** DATA BELOW follows **

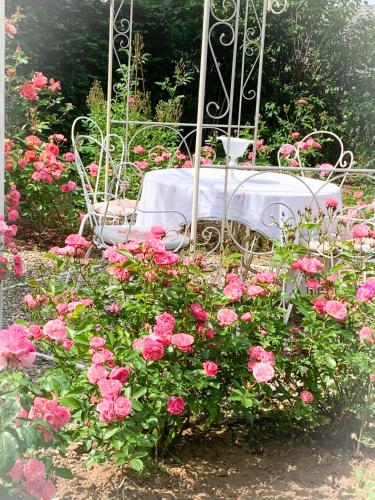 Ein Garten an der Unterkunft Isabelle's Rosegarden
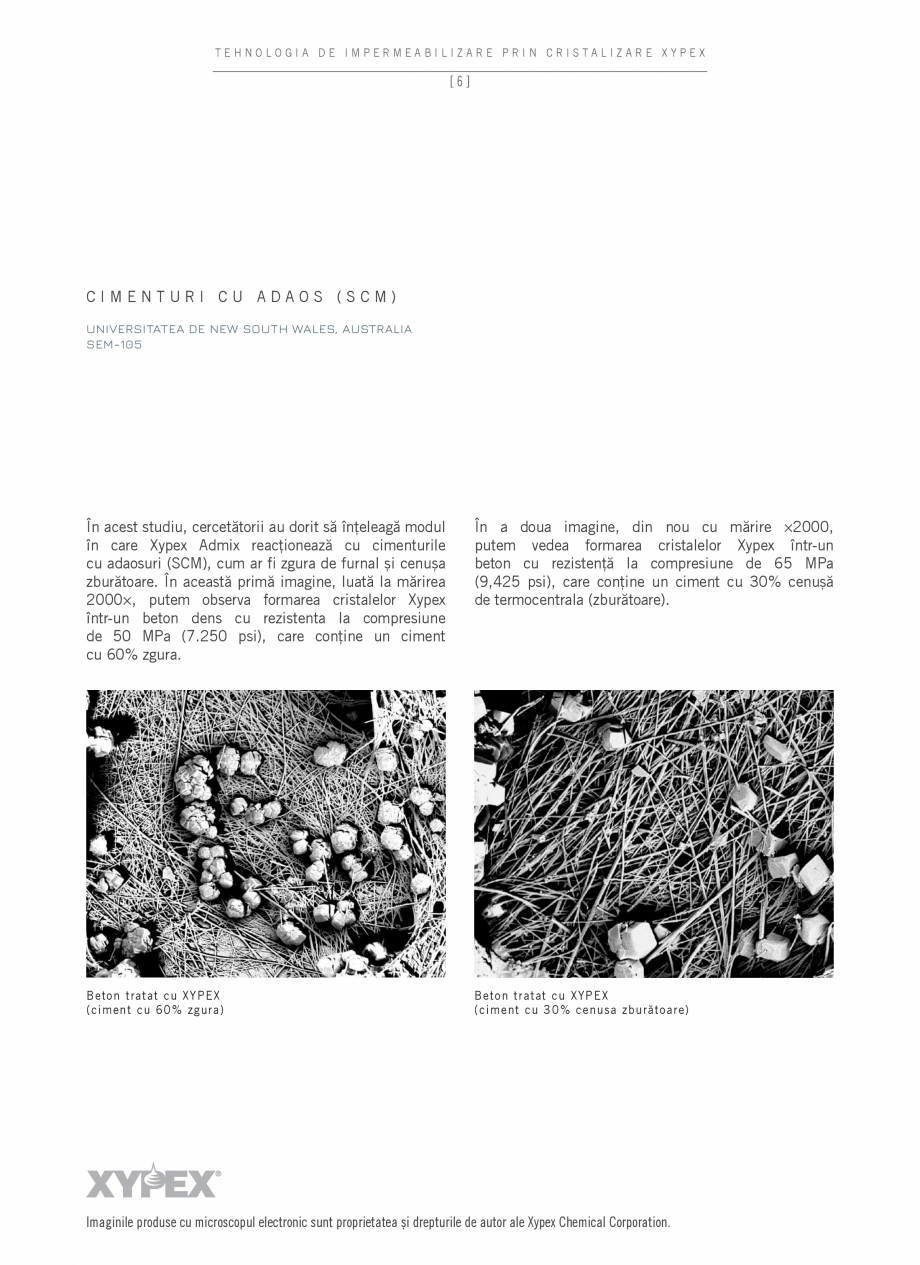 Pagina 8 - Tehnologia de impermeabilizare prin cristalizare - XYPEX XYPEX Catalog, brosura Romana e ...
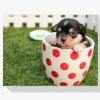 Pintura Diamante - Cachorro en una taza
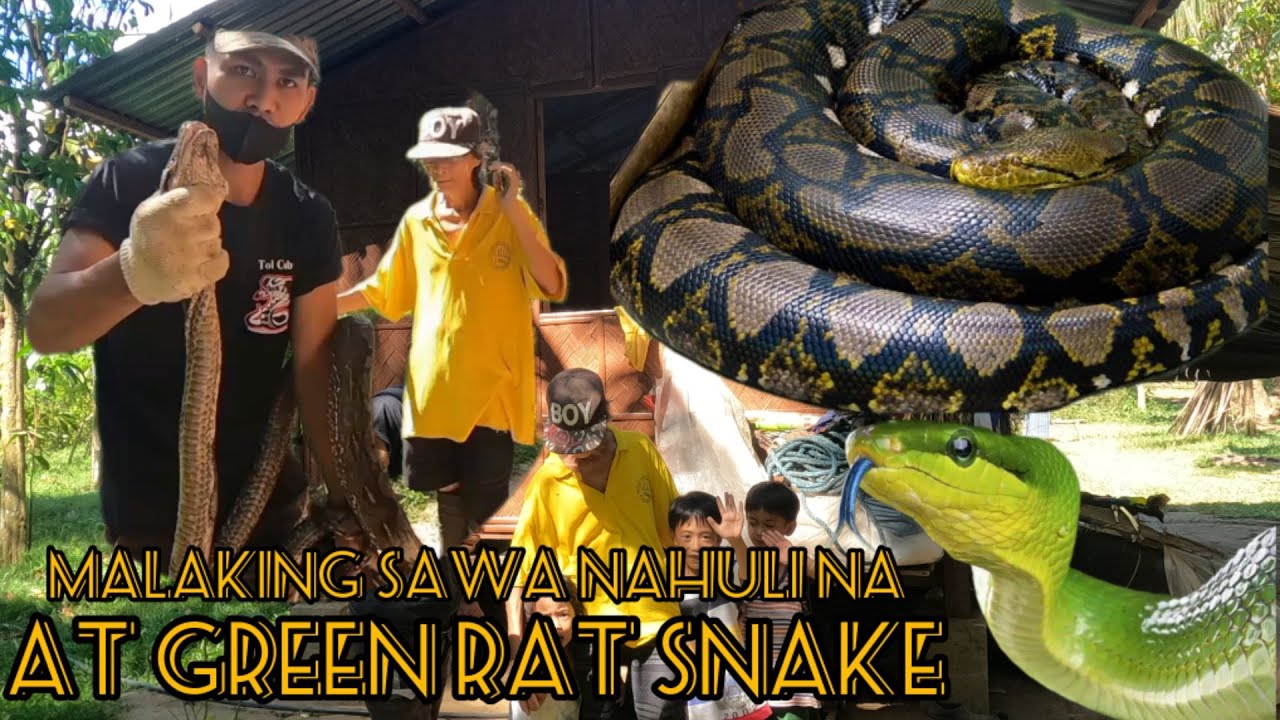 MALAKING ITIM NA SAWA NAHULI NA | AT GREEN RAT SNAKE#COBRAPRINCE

** End of DATA BELOW **

TASK STATEMENT
Line by line, write out the data above exactly, without the pictures.

WRITTEN RESPONSE
 Ein Garten an der Unterkunft Isabelle's Rosegarden
 Pagina 8 - Tehnologia de impermeabilizare prin cristalizare - XYPEX XYPEX Catalog, brosura Romana e ...
 Pintura Diamante - Cachorro en una taza
 MALAKING ITIM NA SAWA NAHULI NA | AT GREEN RAT SNAKE#COBRAPRINCE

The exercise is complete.